One of my favorite Hindi terms is “ghar ka khaana.” It literally means “home food,” but it also encompasses the singular joy and unfussiness of meals made in your own kitchen — the dishes that remind you of childhood, the ones you won’t often find in restaurants.
My quintessential ghar ka khaana? Dal.
To make dal feels like an alchemical feat, watching the pebbly lentils turn creamy, starchy and golden with turmeric. I love the sizzle of the hot, spiced ghee when it is poured into the lentils, the way that dal envelops a bowl of rice like a hug. The first time I published my mother’s recipes for dal in my cookbook, “Indian-ish,” it felt as if I was letting people in on a secret — a solution to their weeknight dinner woes, courtesy of my ancestors.

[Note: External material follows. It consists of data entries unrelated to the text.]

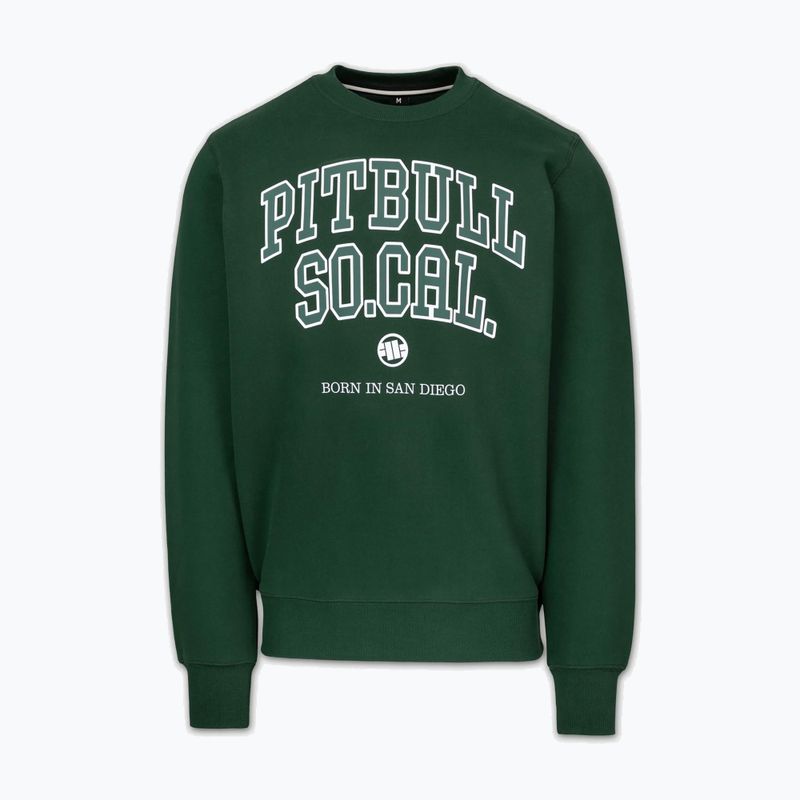 Felpa da uomo Pitbull So Cal Crewneck hunter green 4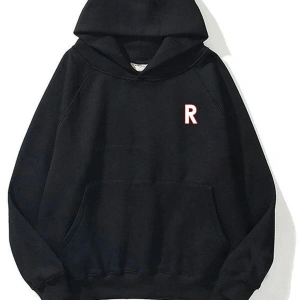 Unisex R Harfli Siyah Sweatshirt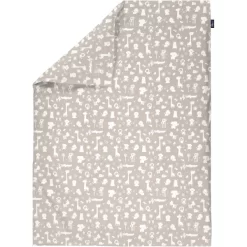 Alvi® Bettwäsche Zootiere Taupe 7 Alvi® Bettwäsche Zootiere Taupe -Kinderbettwäsche Geschäft alvi bettwaesche zootiere taupe a369035 3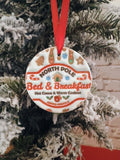 Christmas ornament~NORTH POLE Bed & Breakfast, Hot cocoa and warm cookies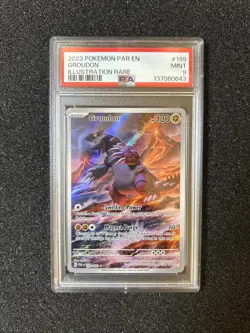 2023 POKEMON PAR EN-PARADOX RIFT ILLUSTRATION RARE 199/182 GROUDON PSA 9 🤩 - Image 1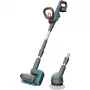 akutoimeline mitmepuhastusvahend AquaBrush Universal 18V P4A, kõva põranda puhastaja Hall/türkiis, Li-Ion aku 2,5Ah P4A, POWER FOR ALL ALLIANCE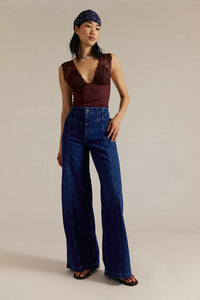 Thumbnail for We The Free Libre Jeans in Lock and Key, Wide Leg Denim by Free People | LIT Boutique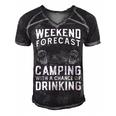 Weekend Forecast Camping With A Chance 22 Shirt Men's Short Sleeve V-neck 3D Print Retro Tshirt Black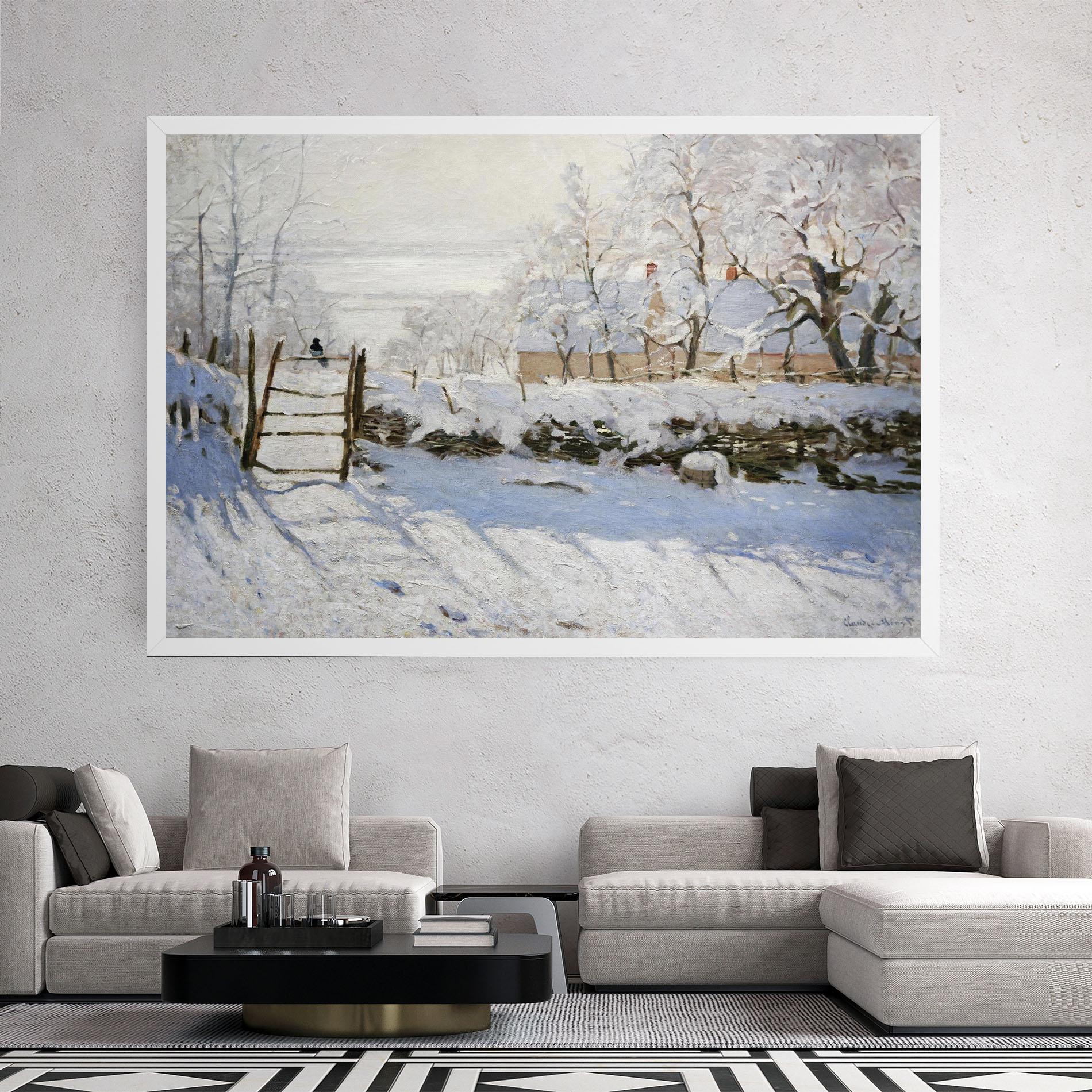 Tablou Canvas The Magpie mockup 2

Across South Asia and its diaspora, dal — which refers to both the legumes and the finished dish — is inherently linked to comfort, whether simmered with coconut milk, sweetened with a little jaggery or topped with crisp curry leaves.
In interviews, many people said it was the first food they fed to their children. The meal they missed most when they went off to college. The dish they break Ramadan fasts with. The first thing they learned to cook from their mother, who insisted on providing preparation times in whistles of a pressure cooker rather than minutes.